Dil Hai Chota Sa is a Pakistani drama television series, weitten by Bushra Ansari, directed by Angeline Malik and developed by Iqbal Ansari for Geo Entertainment. Tooba Siddiqui, Mikaal Zulfiqar and Faysal Quraishi played thd lead roles in the series. It originally aired in 2010.

Plot 
Kehkeshan a.k.a. Kuku hails from a conservative yet prosperous family. She has resided in Pakistan for her entire life. She has been raised to accept that parents generally know best with regards to significant choices throughout everyday life for their children.
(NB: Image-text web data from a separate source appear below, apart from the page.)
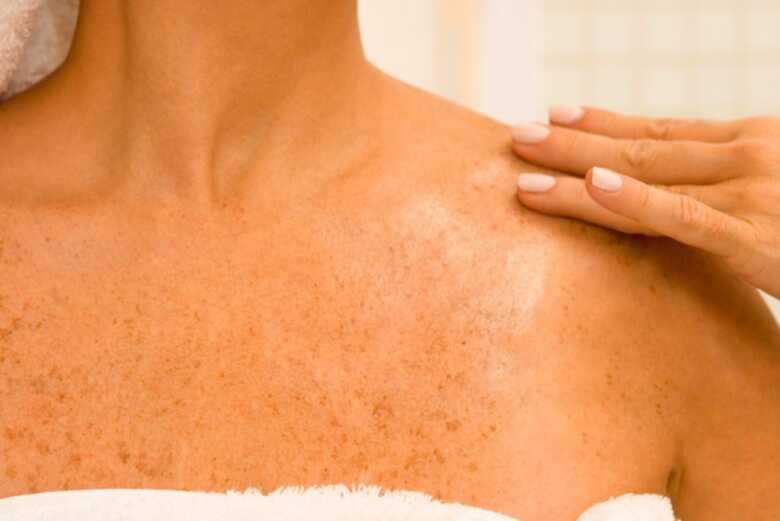 Banho de sol deve ser moderado para evitar doenças como o câncer de pele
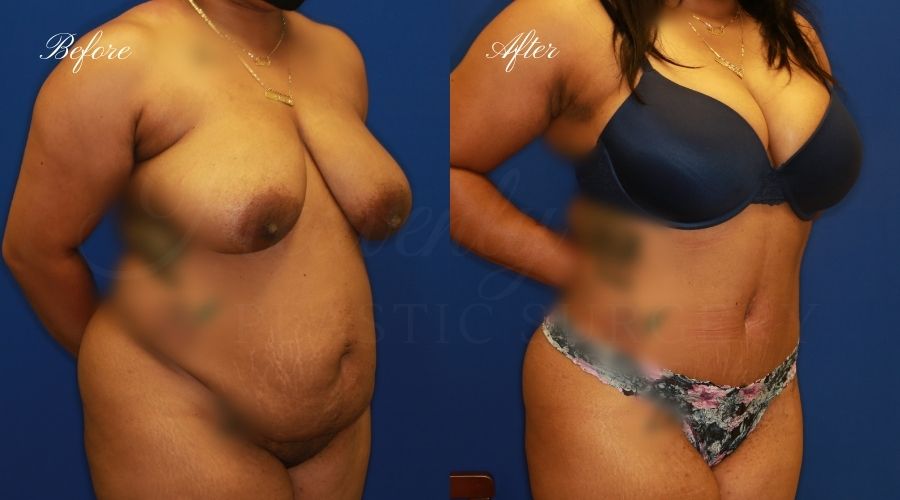 Tummy Tuck Before and After - Right Oblique ASLA Plastic Surgery, Plastic Surgeon, Tummy Tuck, Abdominoplasty, Tummy Tuck with Lipo, Liposuction, Orange County Plastic Surgeon, Orange County Plastic Surgery, Fupa, Fupa surgery, fupa surgeon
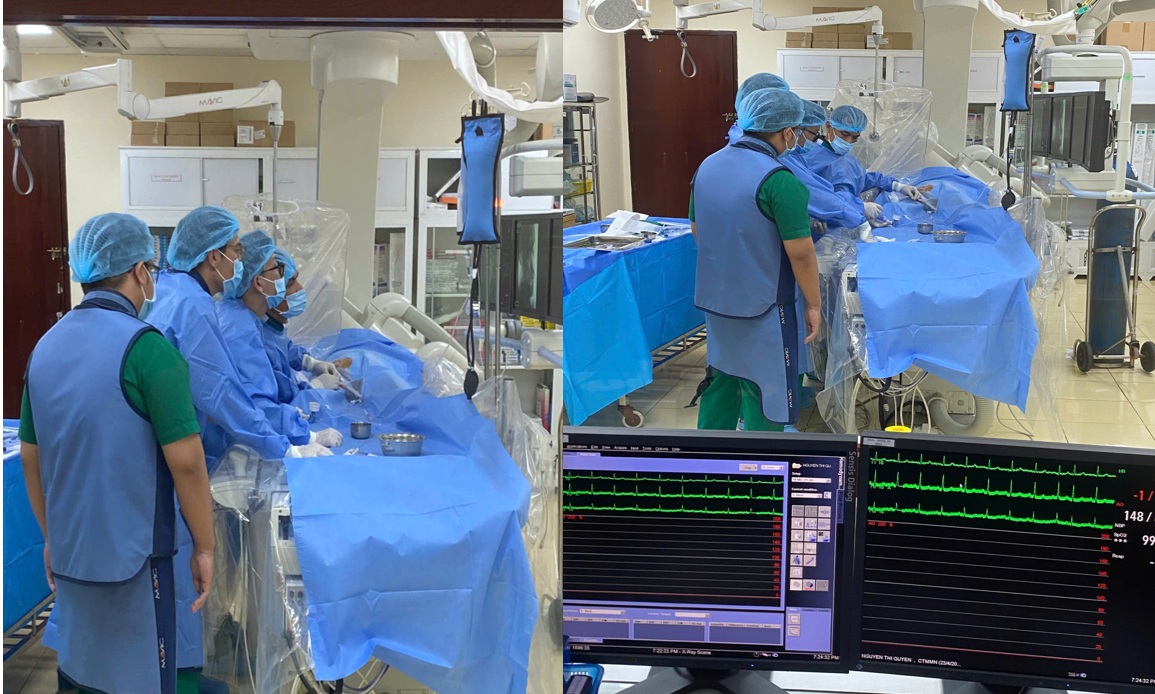 Bệnh viện Trường Đại học Y Dược Cần Thơ điều trị hẹp động mạch cảnh phương pháp đặt stent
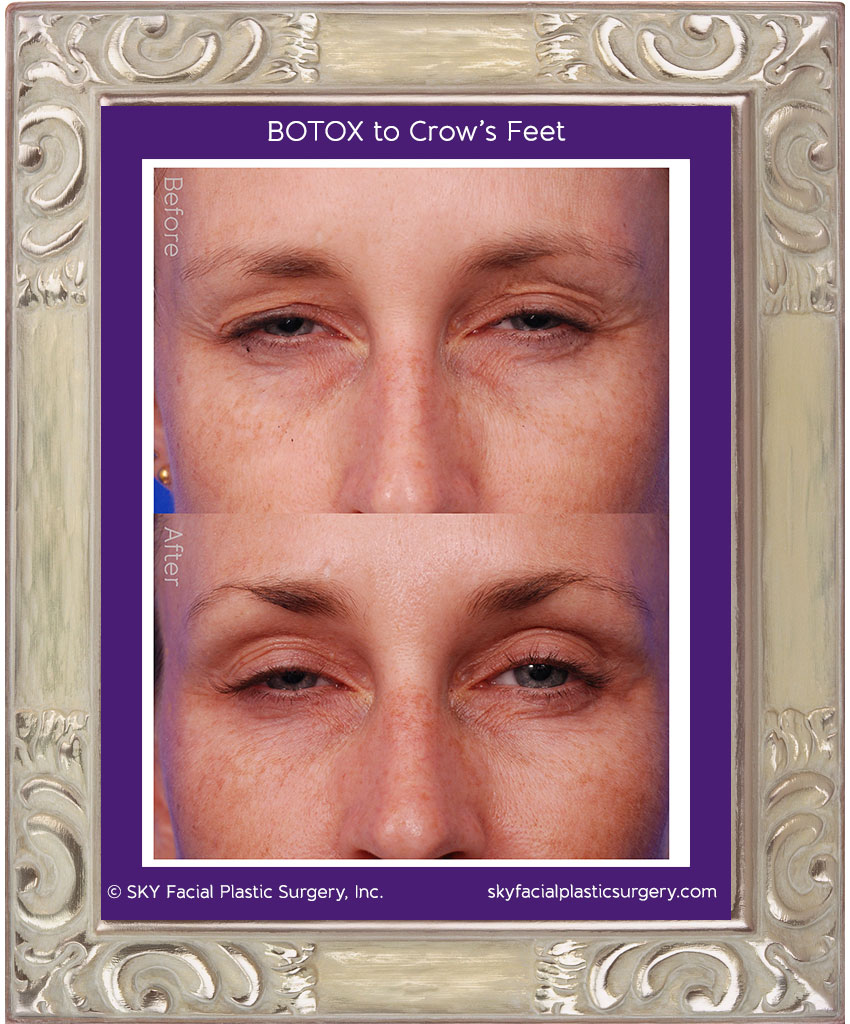 Botox for Crow's Feet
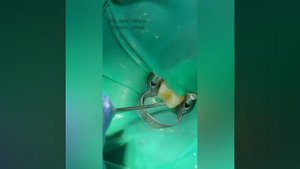 Пломбирование зубов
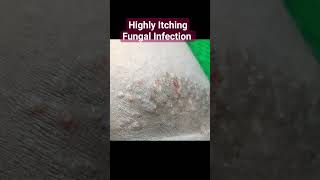 Highly Itching Fungal Infection  Ringworm of Groin  Tinea cruris [upl. by Onstad]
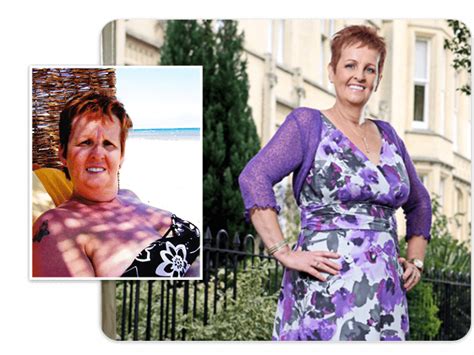 Gastric Band Success Stories Healthier Weight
An active student and a frank debater, Kuku has no say by any means at home and consistently bows her head in regard of her elders' choices. She is then married off with an expatriate Ahmer, and she goes to Spain where he lives.

Cast 
 Tooba Siddiqui
 Mikaal Zulfiqar
 Faysal Quraishi
 Shamoon Abbasi
 Naila Jaffri
 Shabbir Jan
 Shamim Hilaly
 Asif Raza Mir
 Faisal Shah
 Amilia Josephena

Reception 
Dawn listed it among the well-through-out dramas, which dared to be different. A reviewer from Express Tribune praised the series to dealing sensitively with the theme of talaq.